Le Paradis Perdu

L’exploration nocturne d’une ferme abandonnée, malheureusement interrompue par ses hôtes, nous empêchant de connaître tous ses secrets…

A l’abri des regards, la bâtisse en impose avec son grand corps de ferme aujourd’hui recouvert par la végétation, et son long portail visiblement écrasé sous le poids d’un arbre, tombé en plein milieu de la cour. Devant la maison, peut-être des voisins, visiblement absents à ce moment de la soirée. Il n’y nulle part où se garer alors nous décidons de laisser la voiture au loin, et de profiter d’une belle lune pour nous approcher à pied.

L’entrée n’est pas simple.

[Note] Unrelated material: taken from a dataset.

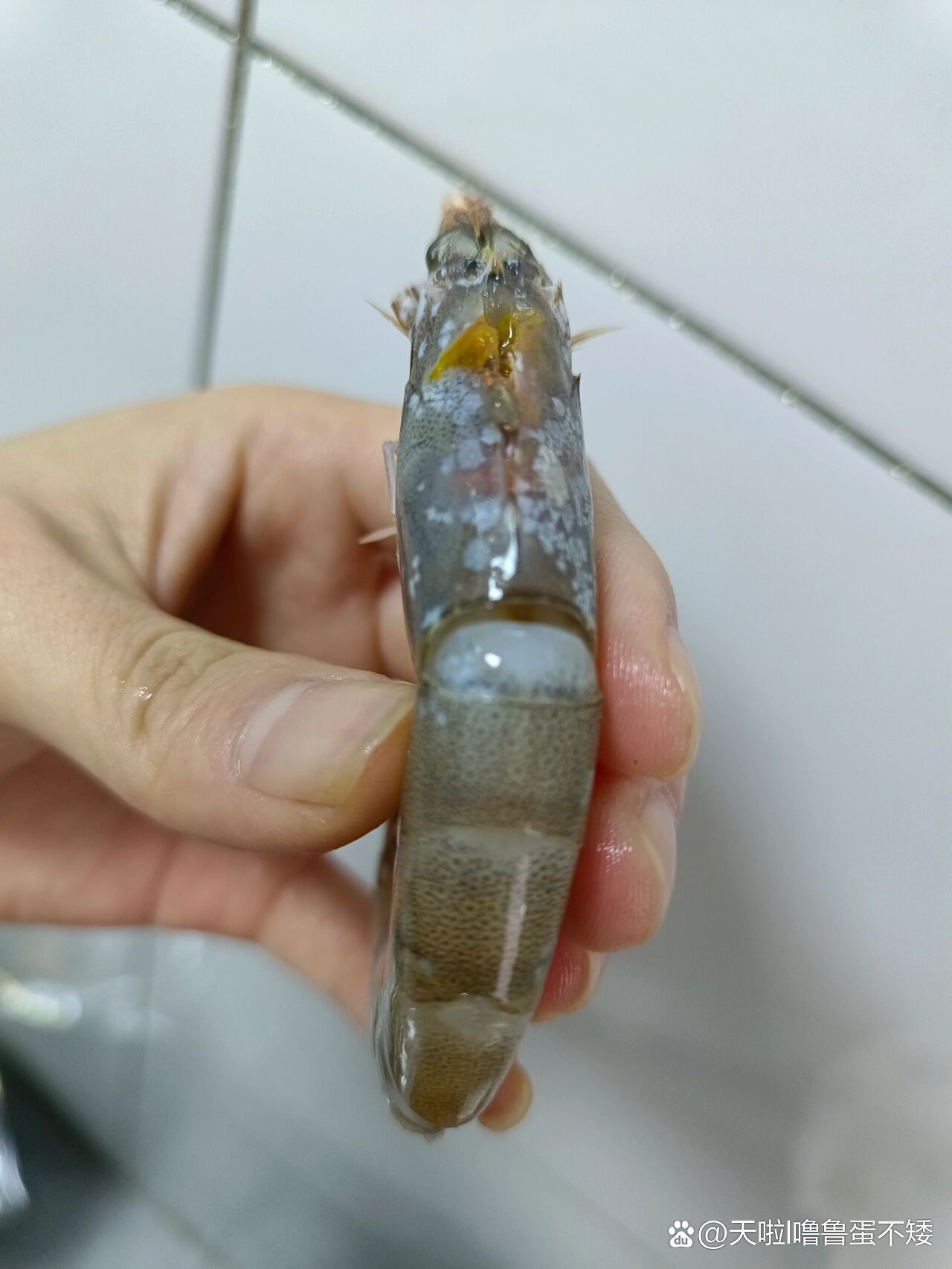 不懂就问,盐冻虾上面的白点是盐还是坏的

L’accès de derrière est impossible tant la nature a repris ses droits, et l’escalier du garage qui mène directement à l’étage menace de s’écrouler. Il faut alors prendre le risque de passer devant la maison voisine pour franchir une fenêtre ouverte et arriver dans le salon poussiéreux…

Une lettre anonyme

De nombreux disques vinyles et objets d’époque…

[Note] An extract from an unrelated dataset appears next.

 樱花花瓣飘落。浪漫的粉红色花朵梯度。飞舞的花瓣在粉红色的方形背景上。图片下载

Le portrait du propriétaire ?

Almanach des PTT, 1961

Trophées rouillés par le temps…

Et une vue globale du salon.

Vous prendriez bien un verre de poussière ?

Lampes à pétrole posées sur un magnifique buffet…

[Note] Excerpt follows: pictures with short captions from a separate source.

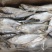 刺鱼海鲫鱼深海小体型鱼类箱装5公斤今年新货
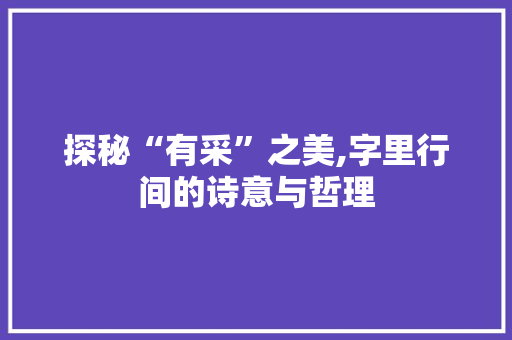 探秘“有采”之美,字里行间的诗意与哲理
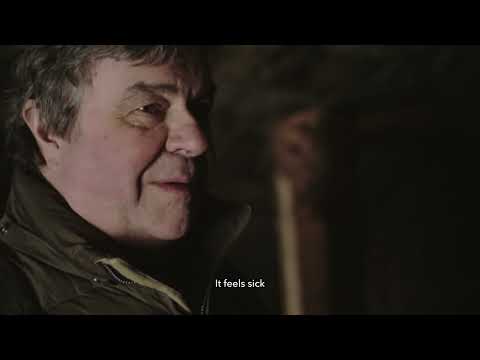 Electric Malady | #EIFF22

… aux motifs et ornements fait à la main.

Un sombre escalier menant au premier étage…

où un couloir expose un peu de lecture.

Le temps s’est arrête depuis longtemps…

Décoration minimaliste.

Une machine à coudre comme on en fait plus

et un interrupteur sur une tapisserie d’ambiance confirment l’époque.

Objets oubliés sur une cheminée en marbre

Calendrier 1982

Paradis Perdu…

Le mécanisme fonctionne toujours malgré l’arrêt des aiguilles

Un avis de 1973 nous explique le passé de la maison…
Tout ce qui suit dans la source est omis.